Scraped caption text data
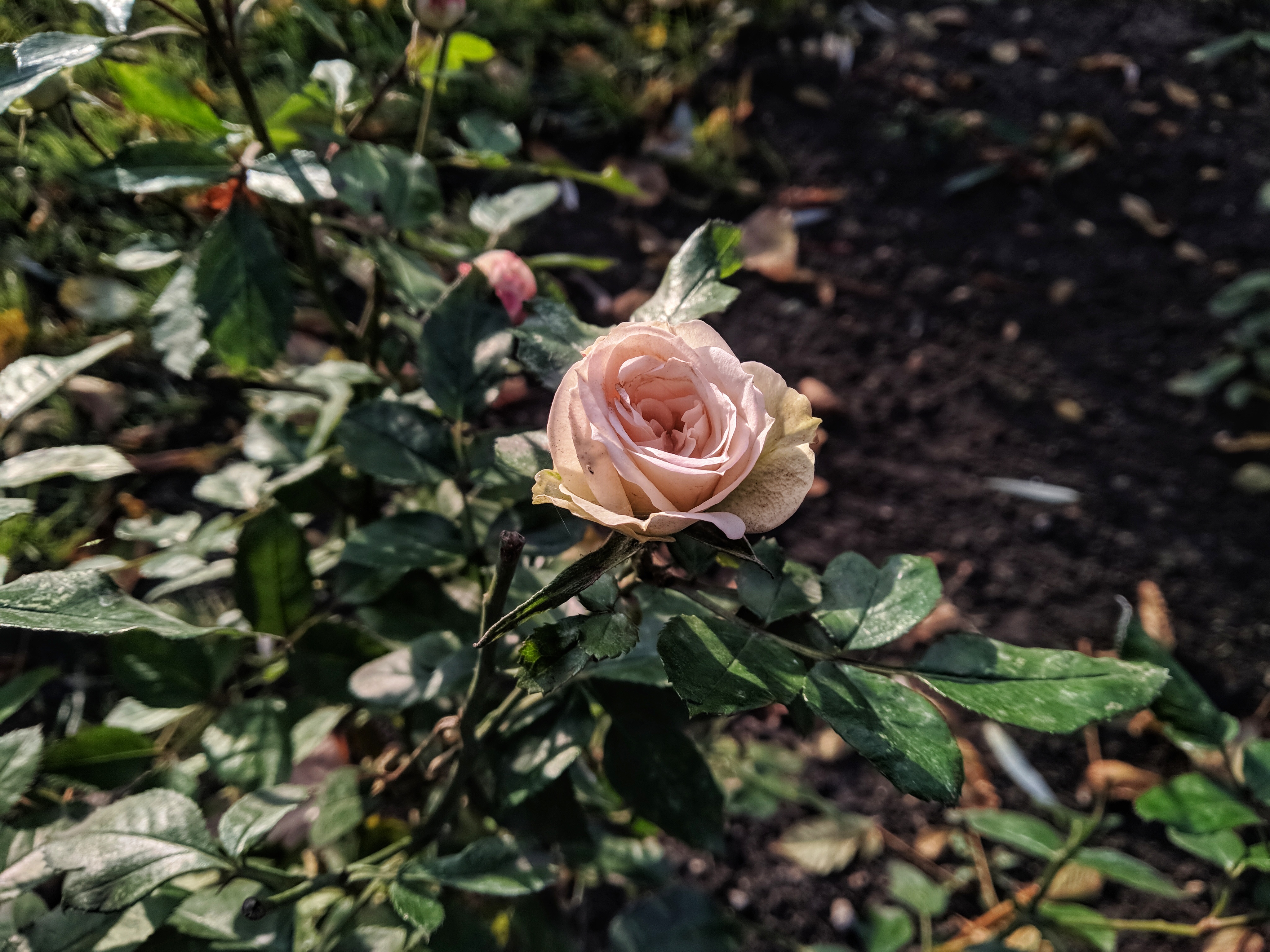 Роза памяти Высоцкого фото и описание отзывы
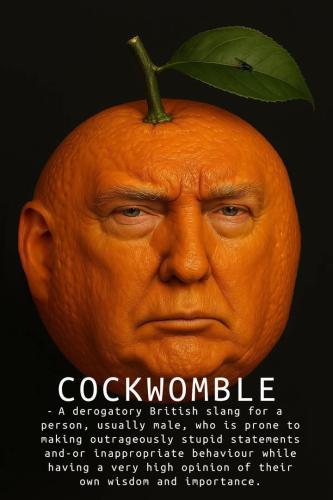 FB_IMG_1743879289623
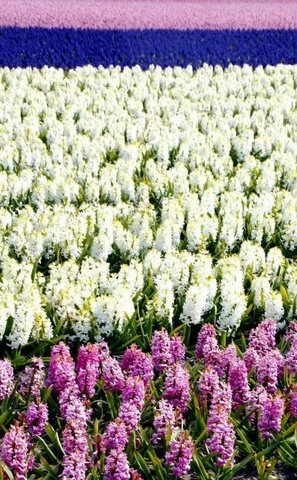 [flower+garden+in+holland+flickzzz.com+005-789505.jpg]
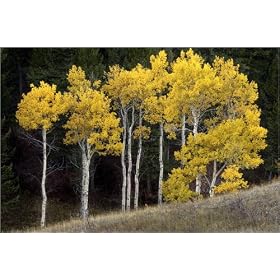 photographie Fall aspens in in Paradise Valley, near Bozeman. est disperible en (L x H): 100 x 7...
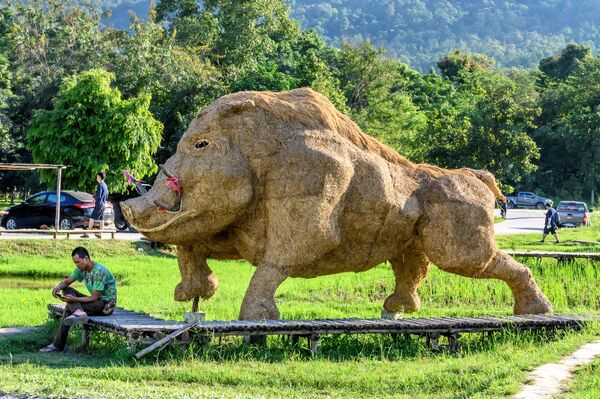 Lợn rừng làm từ rơm rạ tại công viên giải trí gần thành phố Chiang Mai, Thái Lan - Sputnik Việt Nam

__Assignment__.
Leave out the images and repeat the rest of the data word for word.

__Task solution__.
 Роза памяти Высоцкого фото и описание отзывы
 FB_IMG_1743879289623
 [flower+garden+in+holland+flickzzz.com+005-789505.jpg]
 photographie Fall aspens in in Paradise Valley, near Bozeman. est disperible en (L x H): 100 x 7...
 Lợn rừng làm từ rơm rạ tại công viên giải trí gần thành phố Chiang Mai, Thái Lan - Sputnik Việt Nam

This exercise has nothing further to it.